### What the task requires
Nothing outside the lines below from the one containing "Googleマップ活用術" through the one containing "Предпросмотр курсовой работы 3" is to be printed; print those exactly, ends included, and drop the pictures.

### The data

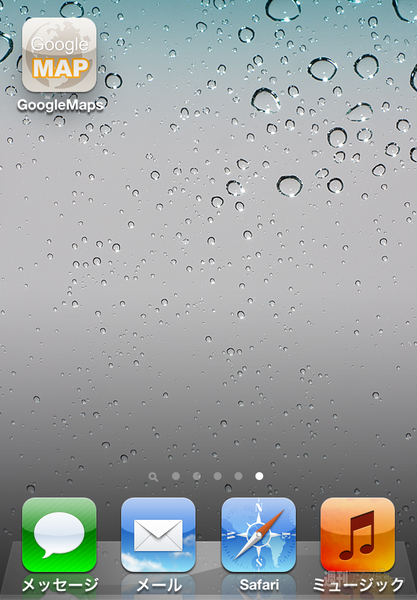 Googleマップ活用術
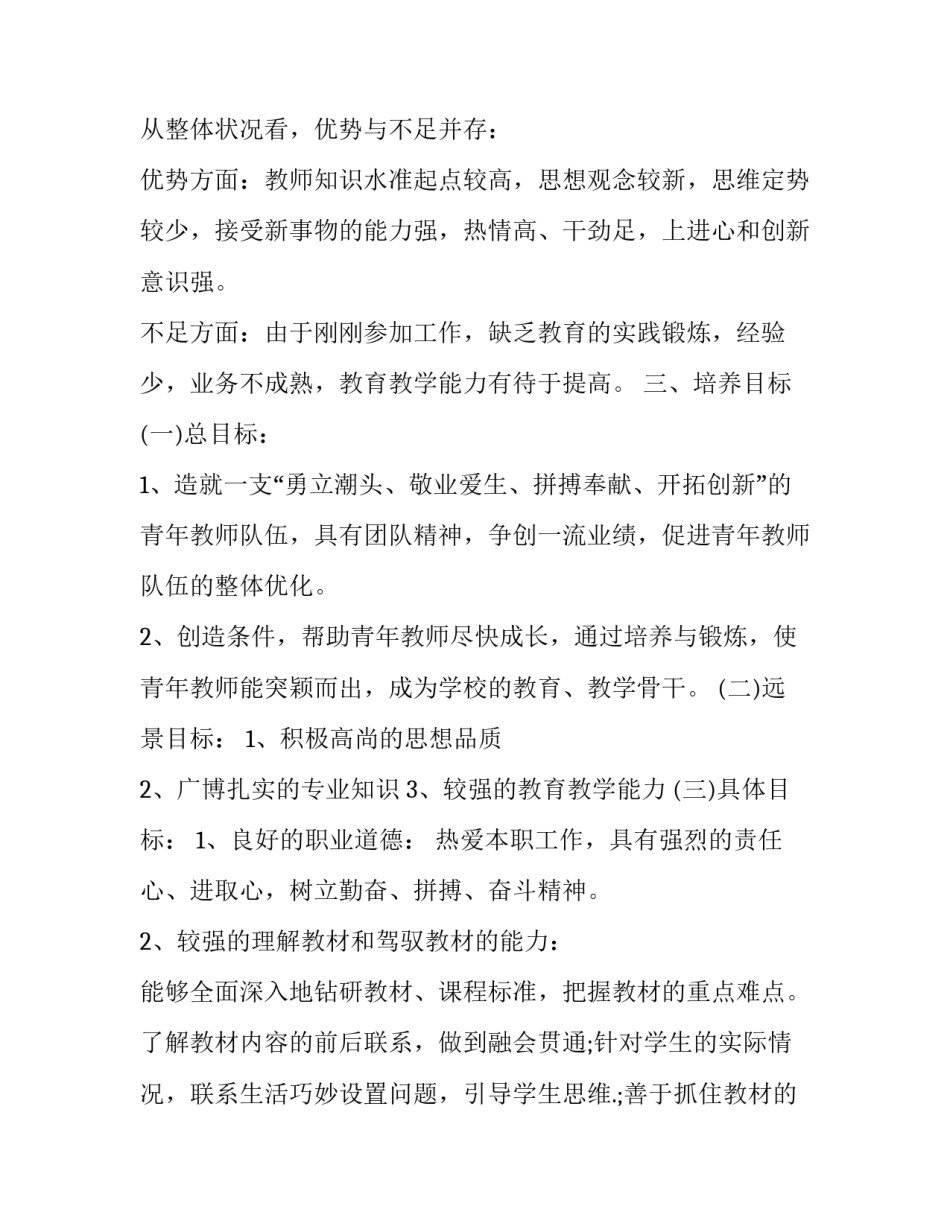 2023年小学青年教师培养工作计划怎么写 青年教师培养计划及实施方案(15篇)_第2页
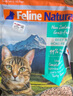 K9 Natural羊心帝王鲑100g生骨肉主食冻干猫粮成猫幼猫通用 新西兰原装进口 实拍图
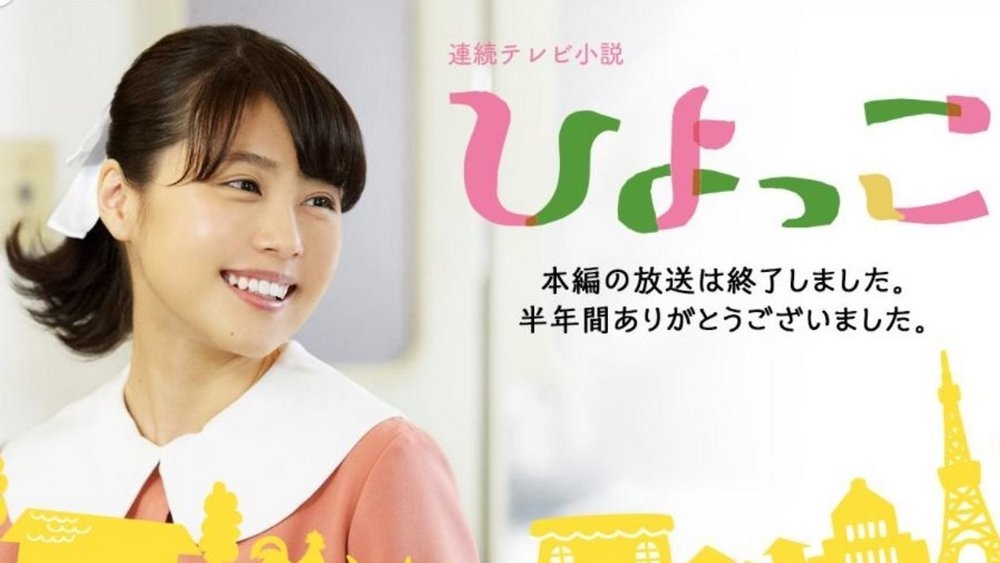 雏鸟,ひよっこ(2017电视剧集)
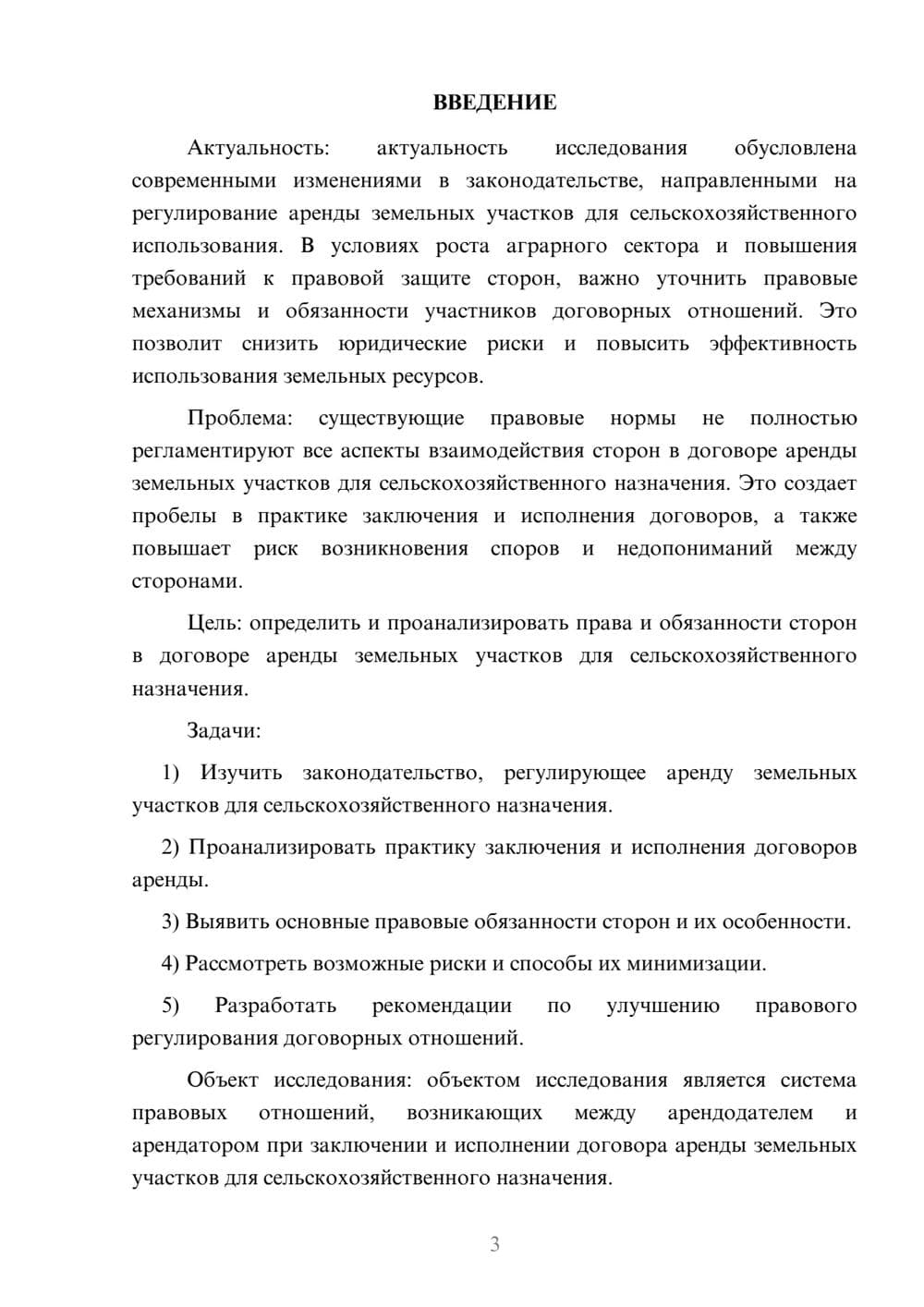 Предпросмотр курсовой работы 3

* * *

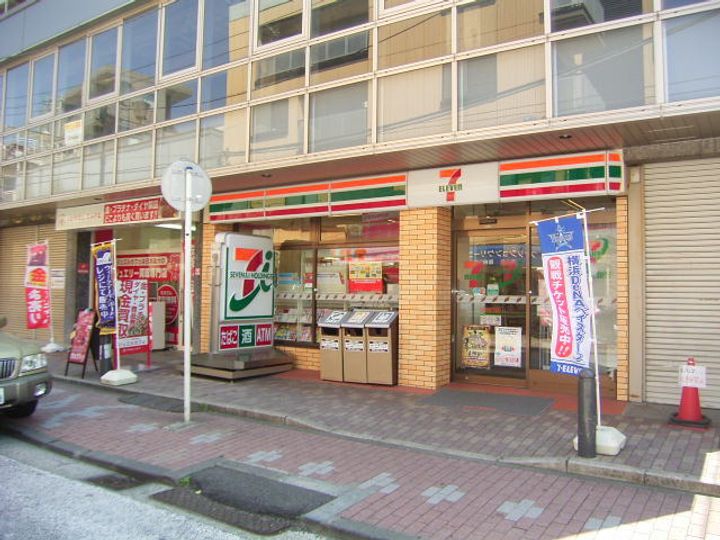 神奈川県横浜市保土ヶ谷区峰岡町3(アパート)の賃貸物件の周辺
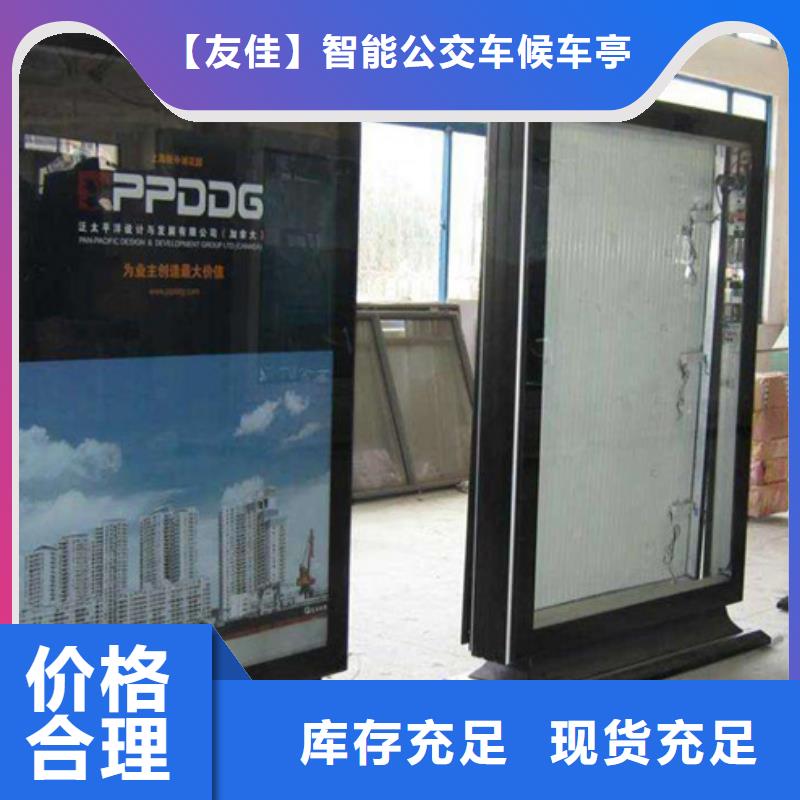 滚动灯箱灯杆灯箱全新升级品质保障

...

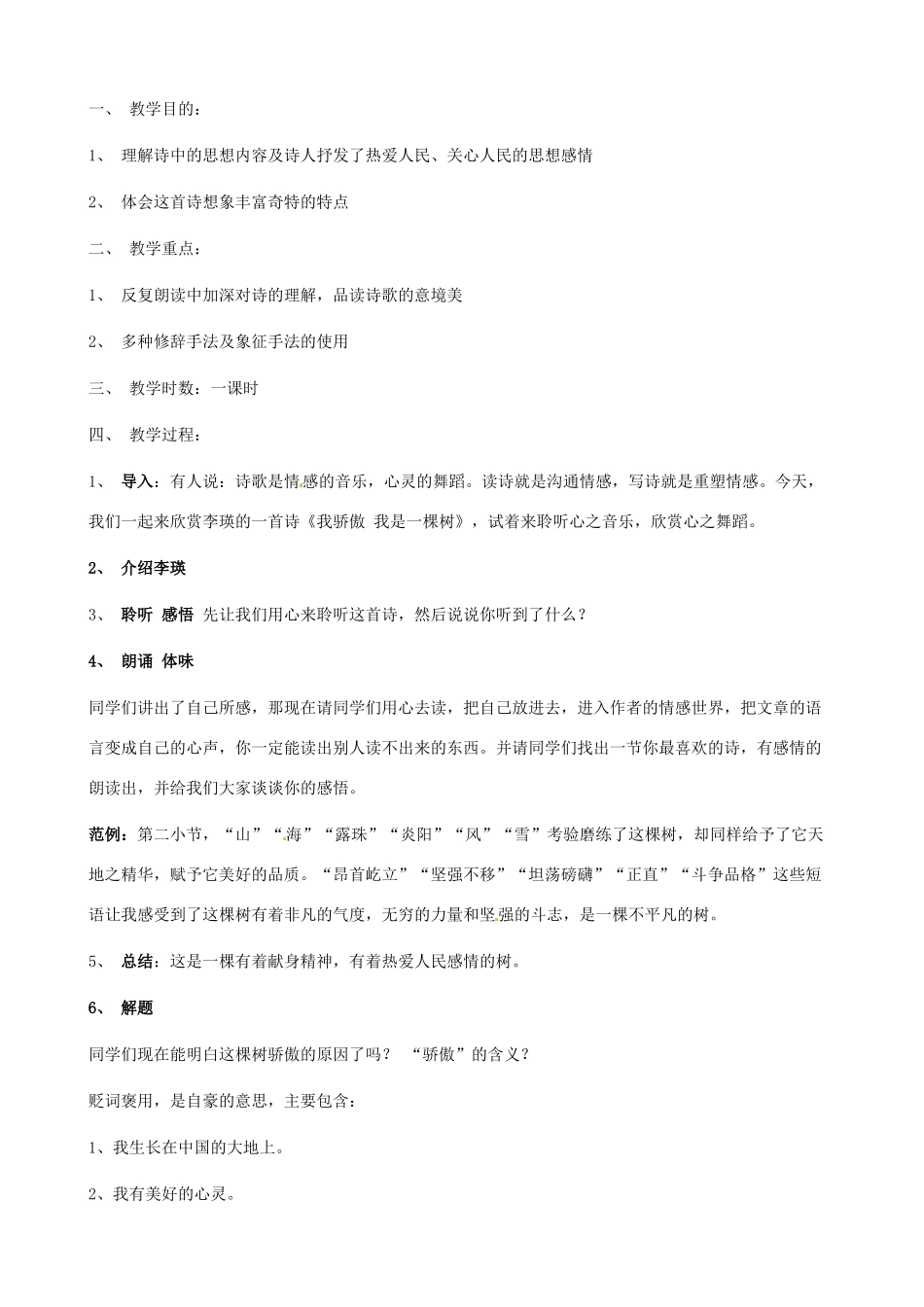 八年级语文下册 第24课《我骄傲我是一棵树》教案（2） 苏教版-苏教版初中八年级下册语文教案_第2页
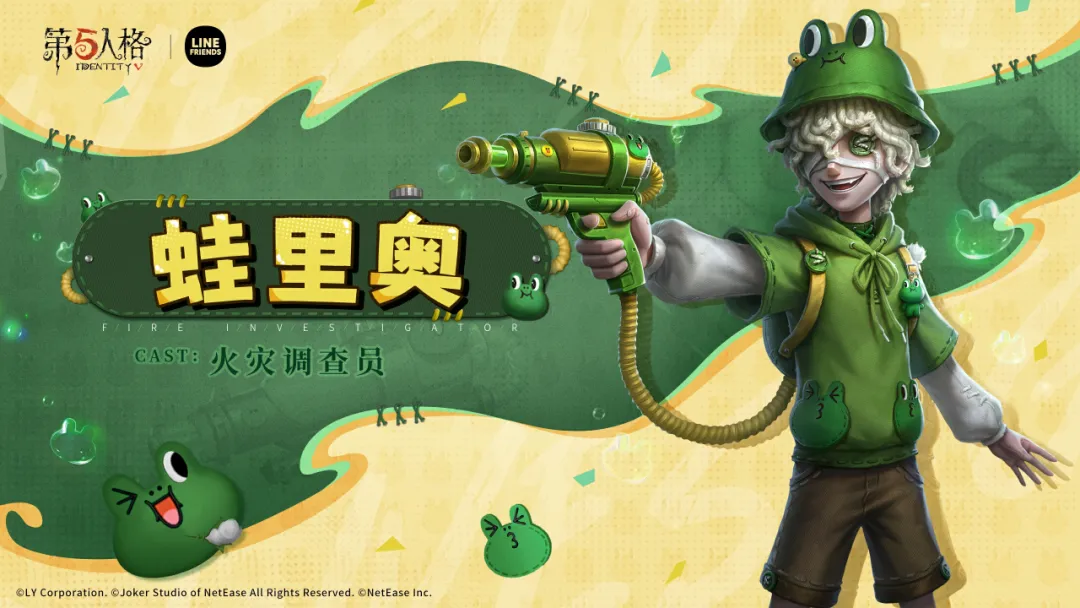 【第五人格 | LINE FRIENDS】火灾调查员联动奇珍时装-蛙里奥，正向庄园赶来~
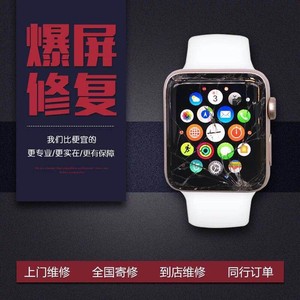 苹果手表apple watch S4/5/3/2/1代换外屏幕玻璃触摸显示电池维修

### Answer box
 Googleマップ活用術
 2023年小学青年教师培养工作计划怎么写 青年教师培养计划及实施方案(15篇)_第2页
 K9 Natural羊心帝王鲑100g生骨肉主食冻干猫粮成猫幼猫通用 新西兰原装进口 实拍图
 雏鸟,ひよっこ(2017电视剧集)
 Предпросмотр курсовой работы 3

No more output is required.